[Source records]
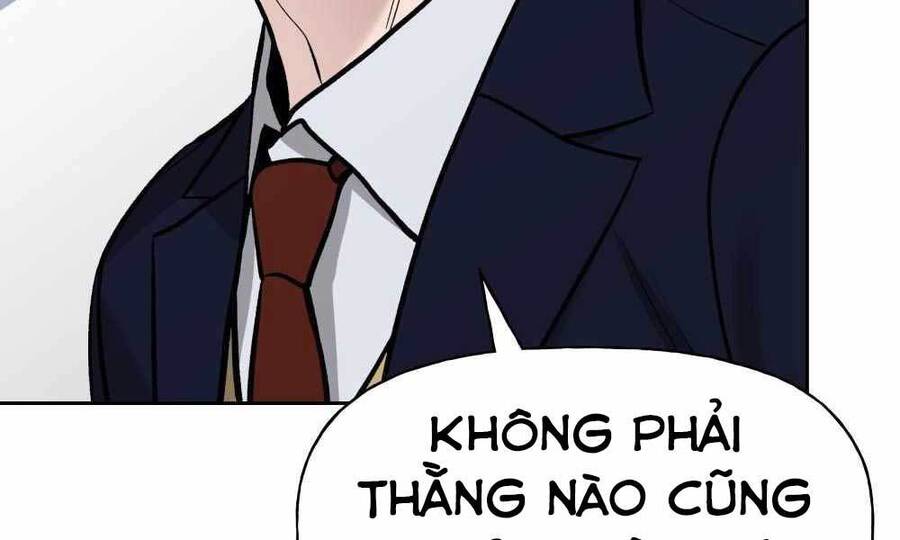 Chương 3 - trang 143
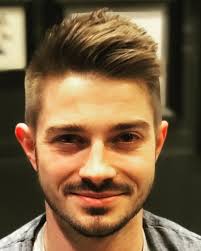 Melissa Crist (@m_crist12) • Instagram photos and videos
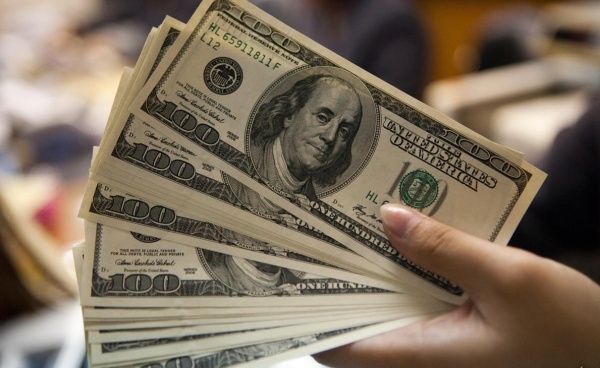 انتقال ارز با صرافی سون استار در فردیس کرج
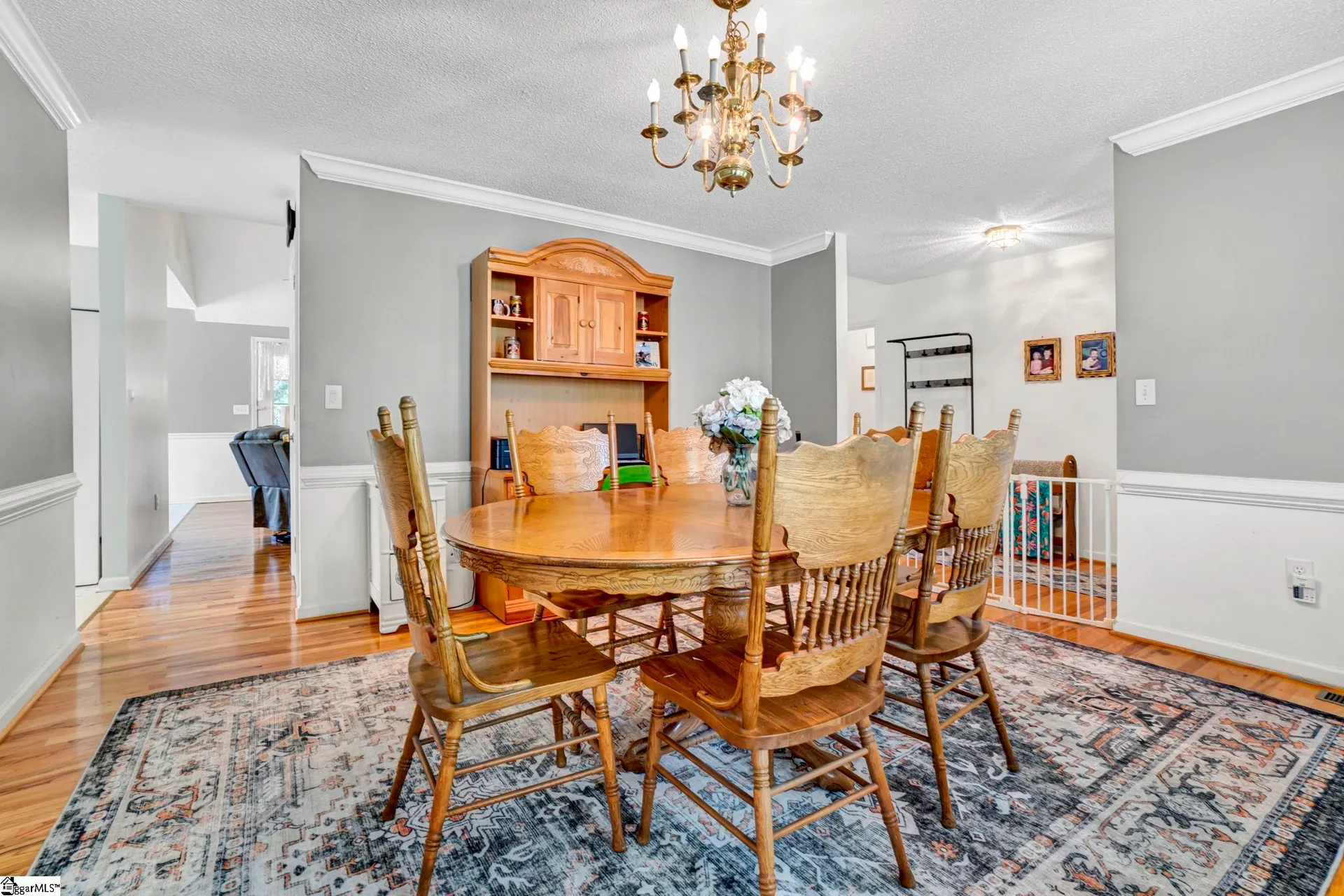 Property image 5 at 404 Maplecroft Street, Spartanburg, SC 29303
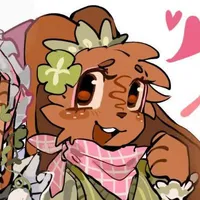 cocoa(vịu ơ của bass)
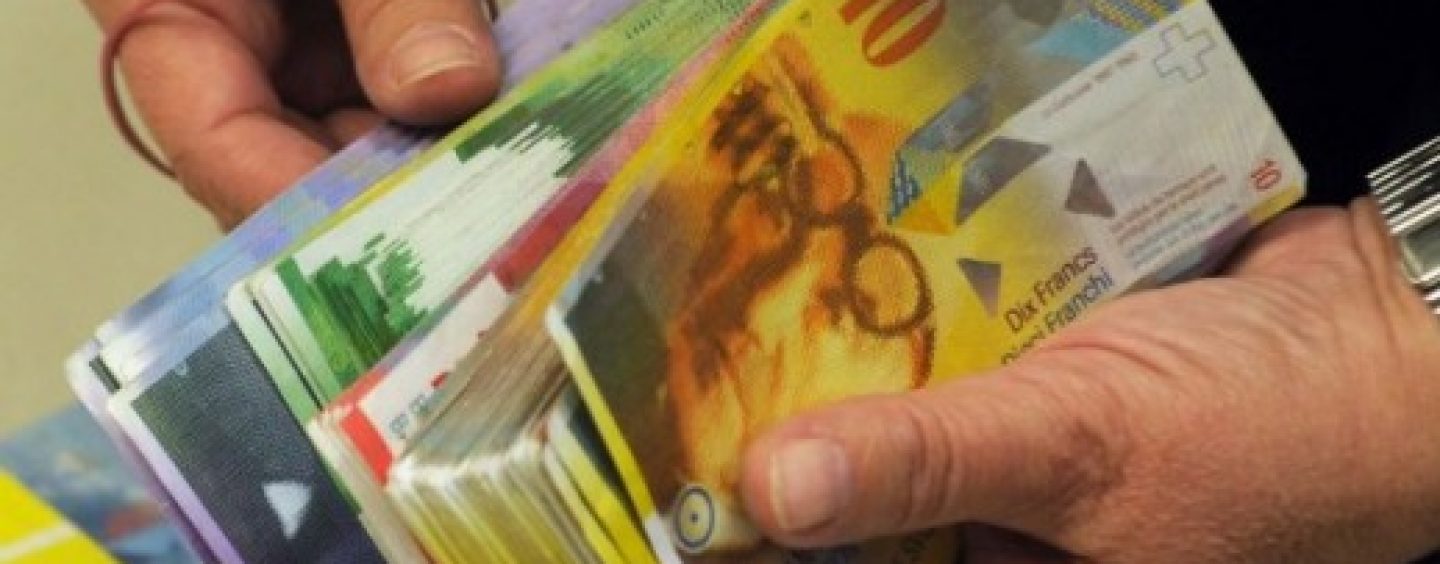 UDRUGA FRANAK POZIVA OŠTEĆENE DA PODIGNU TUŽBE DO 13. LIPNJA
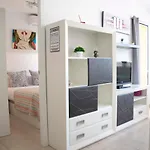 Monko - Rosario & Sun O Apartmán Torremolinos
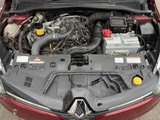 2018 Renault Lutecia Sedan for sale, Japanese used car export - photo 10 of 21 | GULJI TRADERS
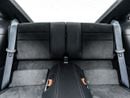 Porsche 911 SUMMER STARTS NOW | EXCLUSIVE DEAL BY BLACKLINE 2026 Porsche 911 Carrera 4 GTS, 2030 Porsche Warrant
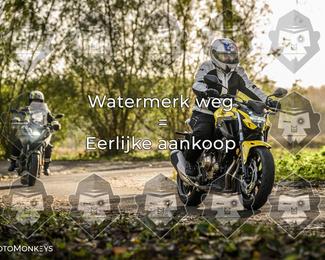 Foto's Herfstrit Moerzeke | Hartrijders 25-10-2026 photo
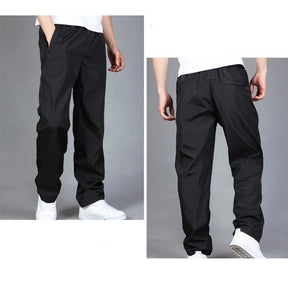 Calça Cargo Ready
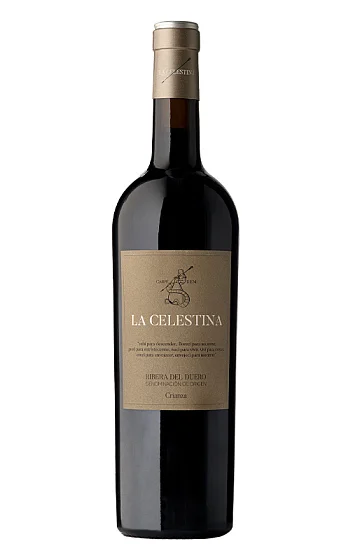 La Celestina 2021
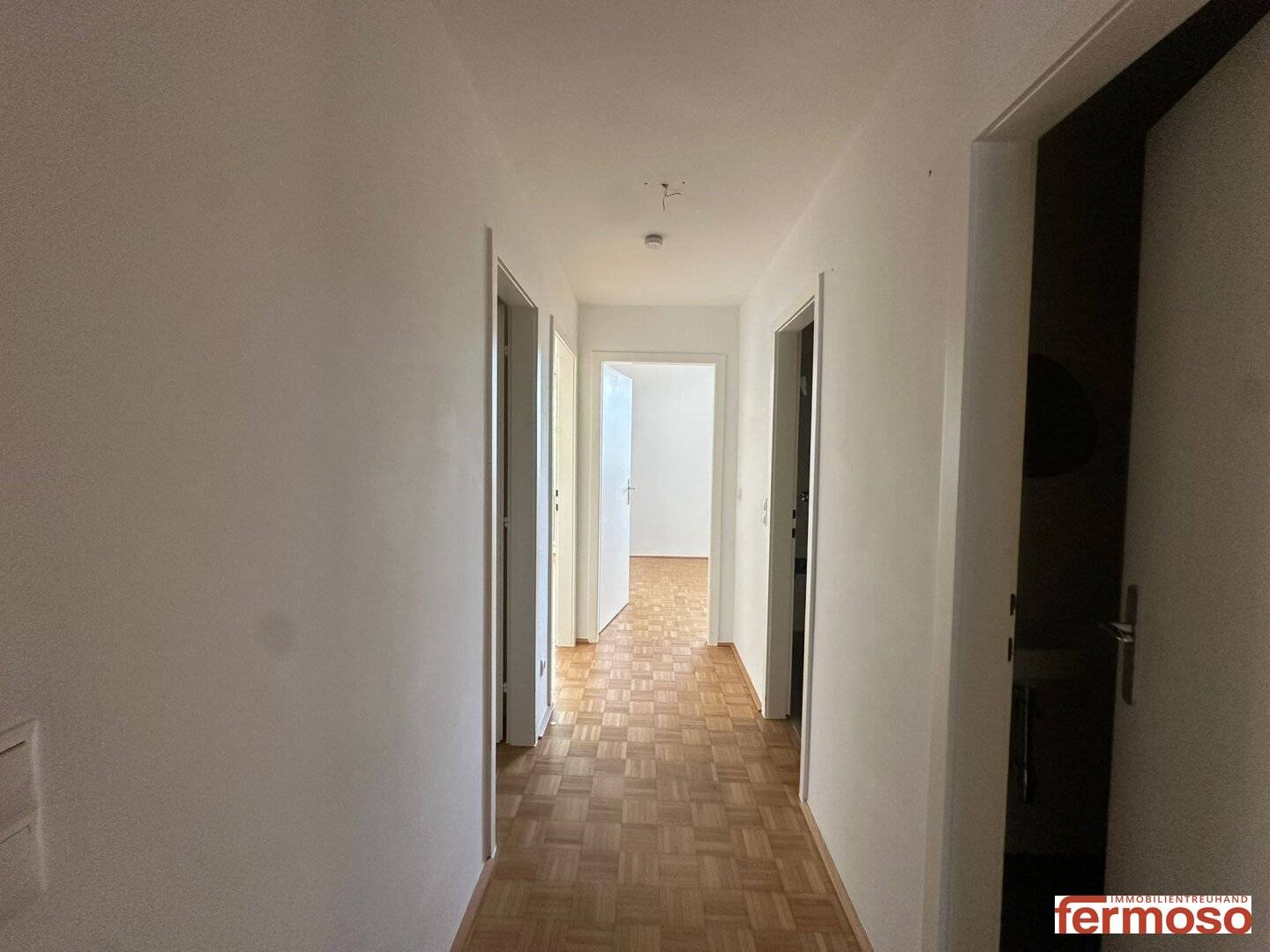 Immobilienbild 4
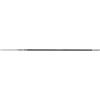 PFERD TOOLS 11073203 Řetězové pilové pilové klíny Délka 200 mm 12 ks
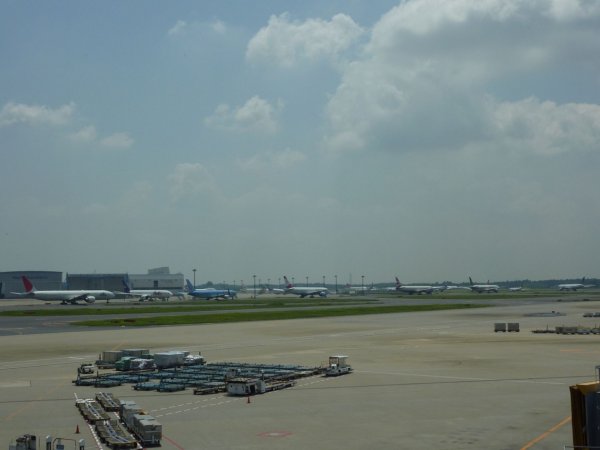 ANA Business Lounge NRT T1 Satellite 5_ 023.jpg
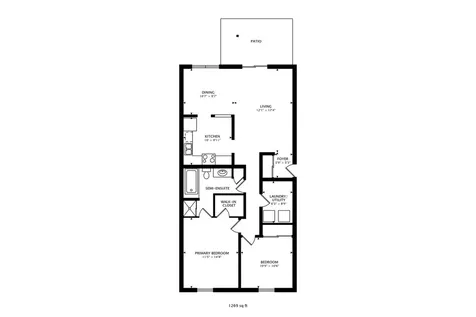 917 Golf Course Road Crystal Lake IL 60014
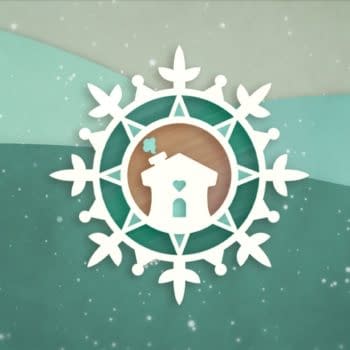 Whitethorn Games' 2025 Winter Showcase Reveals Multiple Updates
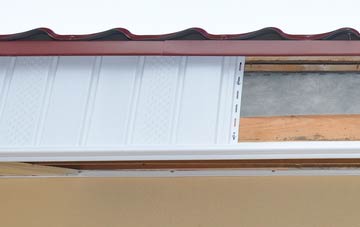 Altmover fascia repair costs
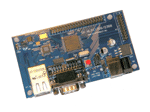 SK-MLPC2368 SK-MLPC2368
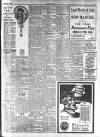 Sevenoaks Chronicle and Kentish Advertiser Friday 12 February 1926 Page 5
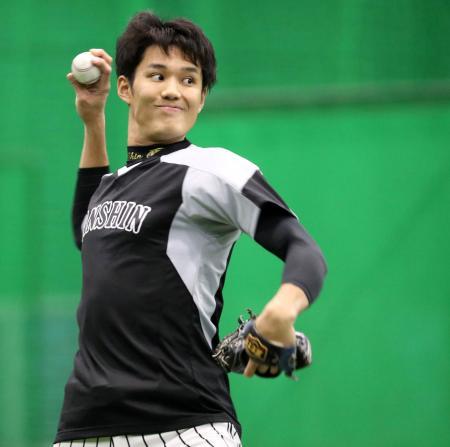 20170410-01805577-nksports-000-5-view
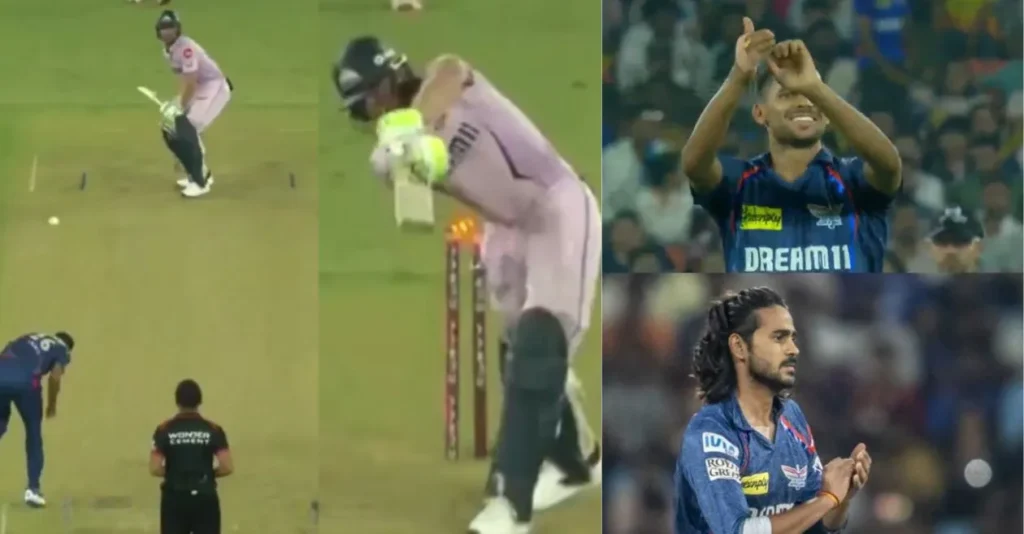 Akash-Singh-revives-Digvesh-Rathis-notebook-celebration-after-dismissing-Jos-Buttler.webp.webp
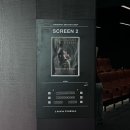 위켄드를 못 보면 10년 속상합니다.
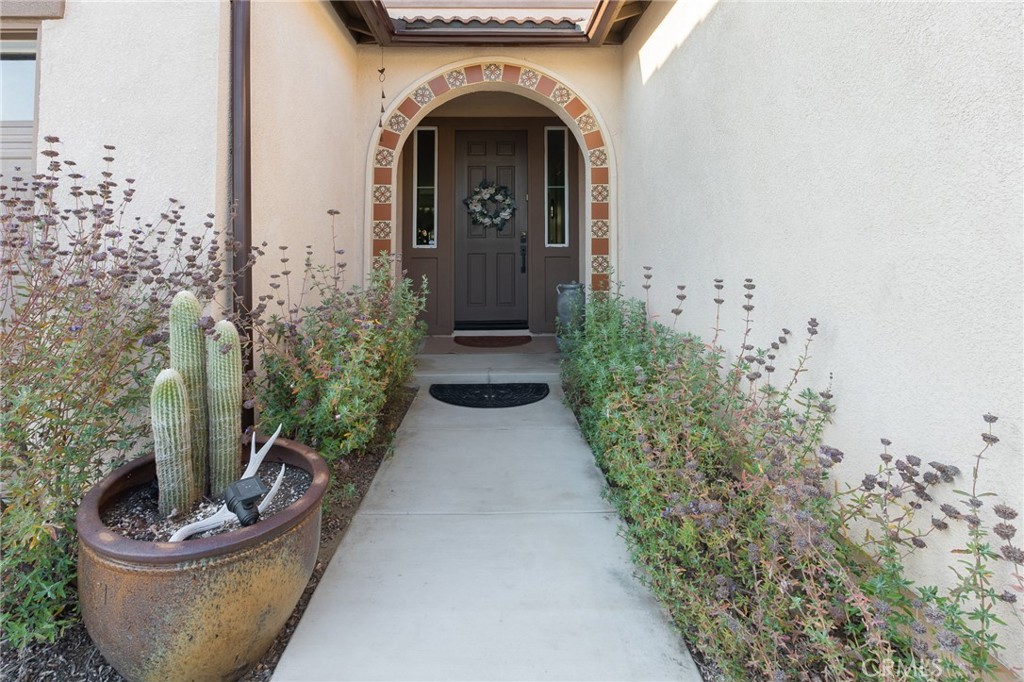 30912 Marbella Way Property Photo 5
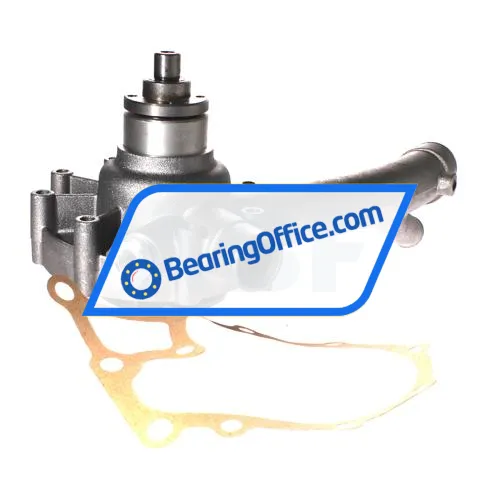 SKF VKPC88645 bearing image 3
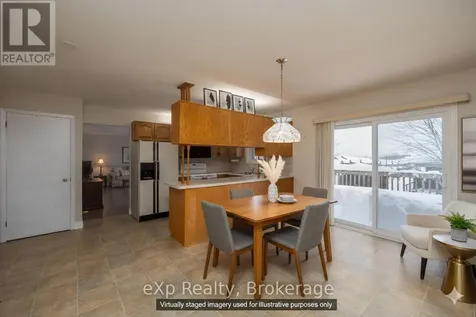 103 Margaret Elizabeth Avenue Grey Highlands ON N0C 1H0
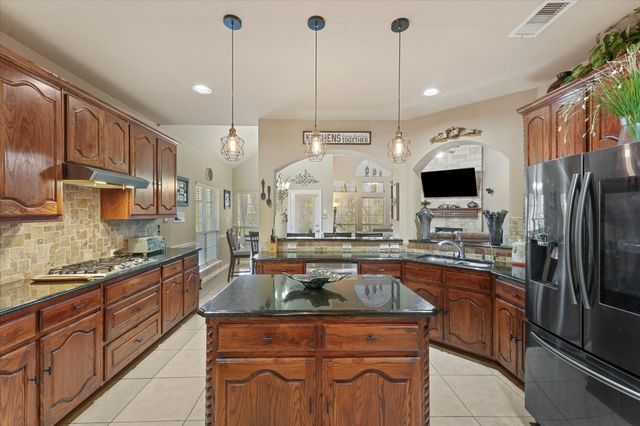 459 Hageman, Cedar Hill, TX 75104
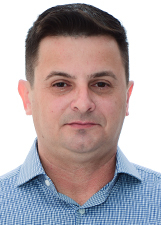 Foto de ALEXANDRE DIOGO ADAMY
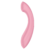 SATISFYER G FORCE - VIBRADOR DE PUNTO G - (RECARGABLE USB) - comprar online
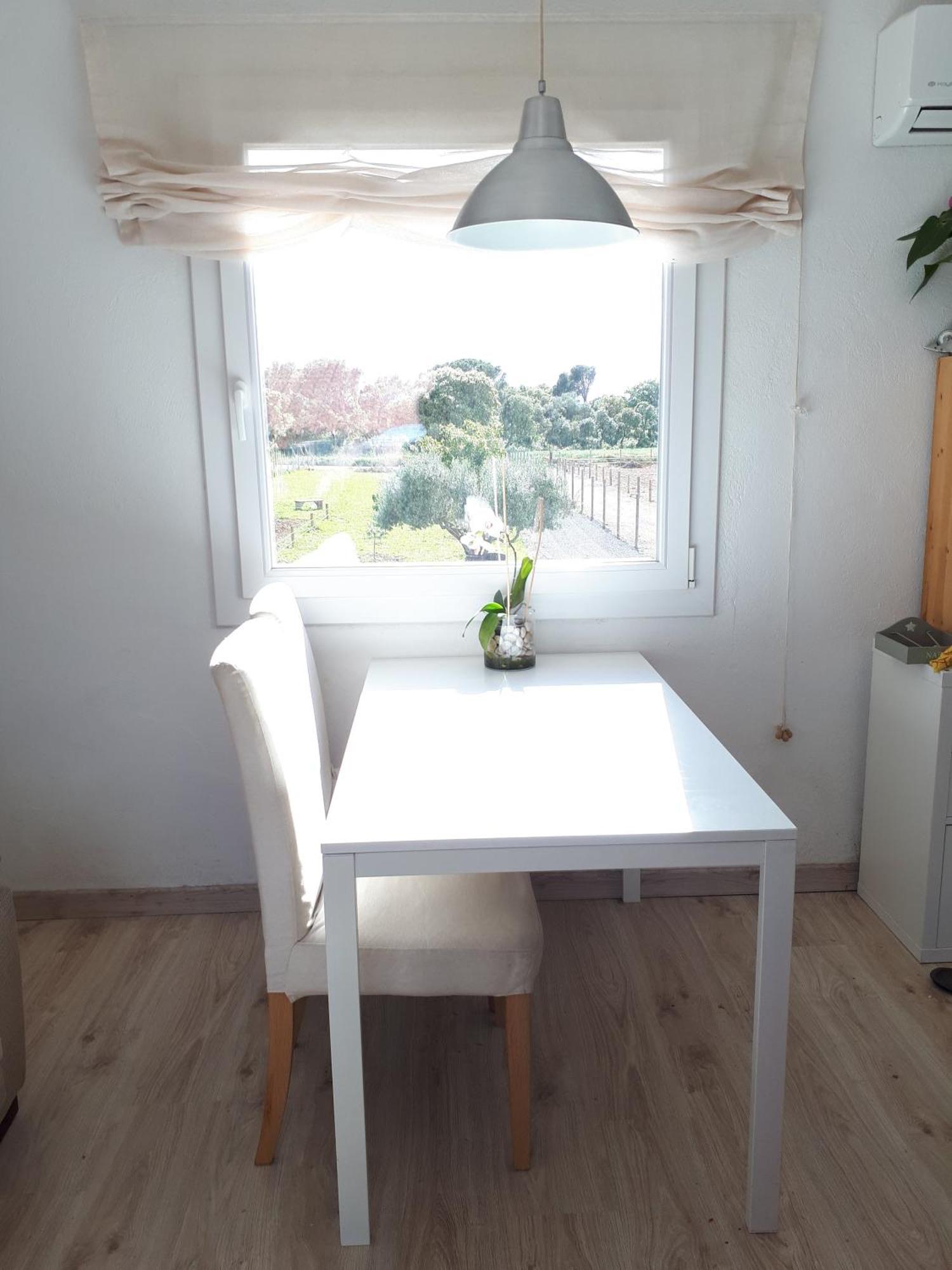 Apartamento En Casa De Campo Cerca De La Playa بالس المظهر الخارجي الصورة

▶ _What to produce_
The records above are to be repeated word for word, with the pictures omitted.

▶ _Response to the task_
 Chương 3 - trang 143
 Melissa Crist (@m_crist12) • Instagram photos and videos
 انتقال ارز با صرافی سون استار در فردیس کرج
 Property image 5 at 404 Maplecroft Street, Spartanburg, SC 29303
 cocoa(vịu ơ của bass)
 UDRUGA FRANAK POZIVA OŠTEĆENE DA PODIGNU TUŽBE DO 13. LIPNJA
 Monko - Rosario & Sun O Apartmán Torremolinos
 2018 Renault Lutecia Sedan for sale, Japanese used car export - photo 10 of 21 | GULJI TRADERS
 Porsche 911 SUMMER STARTS NOW | EXCLUSIVE DEAL BY BLACKLINE 2026 Porsche 911 Carrera 4 GTS, 2030 Porsche Warrant
 Foto's Herfstrit Moerzeke | Hartrijders 25-10-2026 photo
 Calça Cargo Ready
 La Celestina 2021
 Immobilienbild 4
 PFERD TOOLS 11073203 Řetězové pilové pilové klíny Délka 200 mm 12 ks
 ANA Business Lounge NRT T1 Satellite 5_ 023.jpg
 917 Golf Course Road Crystal Lake IL 60014
 Whitethorn Games' 2025 Winter Showcase Reveals Multiple Updates
 Altmover fascia repair costs
 SK-MLPC2368 SK-MLPC2368
 Sevenoaks Chronicle and Kentish Advertiser Friday 12 February 1926 Page 5
 20170410-01805577-nksports-000-5-view
 Akash-Singh-revives-Digvesh-Rathis-notebook-celebration-after-dismissing-Jos-Buttler.webp.webp
 위켄드를 못 보면 10년 속상합니다.
 30912 Marbella Way Property Photo 5
 SKF VKPC88645 bearing image 3
 103 Margaret Elizabeth Avenue Grey Highlands ON N0C 1H0
 459 Hageman, Cedar Hill, TX 75104
 Foto de ALEXANDRE DIOGO ADAMY
 SATISFYER G FORCE - VIBRADOR DE PUNTO G - (RECARGABLE USB) - comprar online
 Apartamento En Casa De Campo Cerca De La Playa بالس المظهر الخارجي الصورة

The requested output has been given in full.